Given our prior work together and like-minded approach to investing, the announced integration of the BEI team into the [GLI] team, seems more of a formality than anything at this point. And I very much look forward to what the future holds for our combined strength and platform.
Back to you, Joe.
So, on Page 2, here just a summary of what we're going to discuss today and what's topical in the area infrastructure sector. As Nicole mentioned with regards to third quarter performance, both major indexes, the AMNA and the AMZ were negative, only slightly through but they were negative for the first time since Q3 of 2020. And even though they were negative during the third quarter, performance in October was positive for both benchmarks and has been buoyed by some of the bullet points you'll see on this page.
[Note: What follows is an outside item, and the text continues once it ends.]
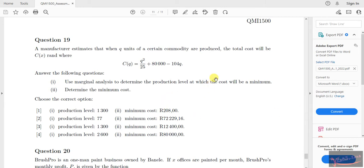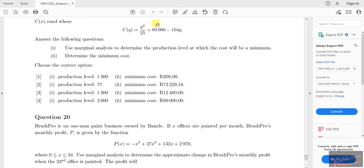The question reads as follows: a manufacturer estimates that when Q units of a certain commodity are produced, the total cost will be C, given in rents, where C equals Q squared over 25 plus 80,000 minus 104Q. The follow-up questions: use marginal analysis to determine the production level at which the cost will be a minimum; and determine the minimum cost.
So, first the fundamental backdrop continues to be really supportive for energy and midstream equities we believe. As OPEC+ compliance, increasing global demand for commodities coming out of COVID, and the natural decline of production has caused a tighter market than maybe even we had anticipated occurring at this point in 2021. I feel like we've been pretty consistent in saying that upstream underinvestment could eventually lead to higher prices and better drilling returns for producers. But I guess I'll just speak for myself, when I say that the rapidity with which crude hit $80 per barrel and natural gas is $5, $6 per MCF, surprise me. And I think the setup is indicative of the fact that, even as we increase market share of renewables in the power sector, and even as EVs starts take increasing market share throughout the next decade and into the 2030s, there is still a need to develop reliable sources of oil, natural gas and natural gas liquid supply.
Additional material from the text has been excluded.